Two US Gulf Coast staffing agencies have agreed to paid 353 workers nearly $516,000 in back wages after US Department of Labor Wage and Hour Division investigators found the firms classified employees incorrectly as independent contractors and mislabeled wages as per-diem reimbursement for expenses never incurred.
Federal investigators found that RBT Welders LLC and Contractor Labor Services LLC (CLS) owed back wages to welders and pipe fitters who worked on maritime vessels and oil and gas industry projects in Louisiana and Texas, the DOL agency said on Sept. 7. RBT paid $398,379 to 246 workers and CLS agreed to pay $118,128 to 107 workers for overtime violations under the 1938 Fair Labor Standards Act (FLSA), it indicated.
The investigations were part of an ongoing, multiyear initiative to curb a pervasive staffing agency practice of attributing part of an employee’s wages wrongfully as per-diem payments, often to avoid or reduce overtime, payroll taxes, and other costs. Division investigators are monitoring staffing agencies and other employers throughout the 1,600-mile Gulf Coast region for signs of this practice, the division said.

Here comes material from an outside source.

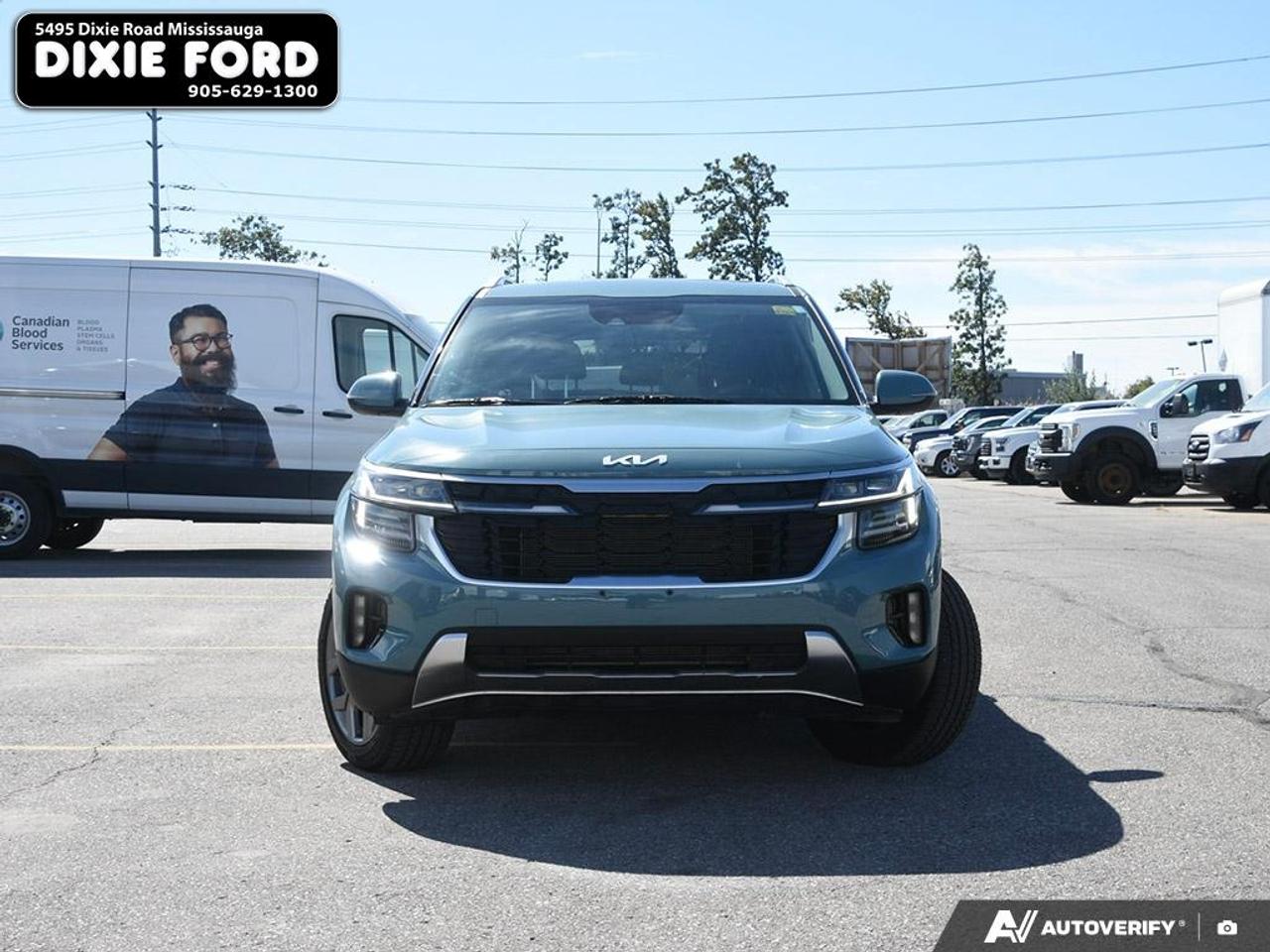 2025 Kia Seltos EX Photo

It said Wage and Hour Division investigators found that both firms:
• Attributed a portion of workers’ wages wrongfully as per-diem payments, rather than wages for hours worked, even though they did not incur lodging, meals, and travel expenses as part of their employment. The practice based employees’ overtime hourly rate on an artificially lower rate, which excluded this mislabeled “per diem.”
• Attempted to reduce their share of federal and state taxes, workers’ compensation, unemployment insurance and Social Security by designating wages as per diem pay, which is not subject to these costs.
Investigators also determined that CLS misclassified employees as independent contractor, the division said. This violated the FLSA when the employer paid the misclassified employees an additional $2/hr for overtime instead of the legally required time and one-half.
Like the per-diem scheme, employers who misclassify attempt to shield themselves from business costs associated with overtime obligations, unemployment insurance, worker’s compensation premiums, unemployment insurance and Social Security payments required for employees, the division said.
Both staffing agencies signed agreements with the department to resolve concerns that surfaced in the investigations, the division said. The investigation also found that the staffing agencies and the client companies that used the services of the welders, pipe fitters, and other craft workers employed them jointly. Had the staffing agencies failed to resolve the violations disclosed by these investigations, the department could have held the client or host companies responsible, the division said.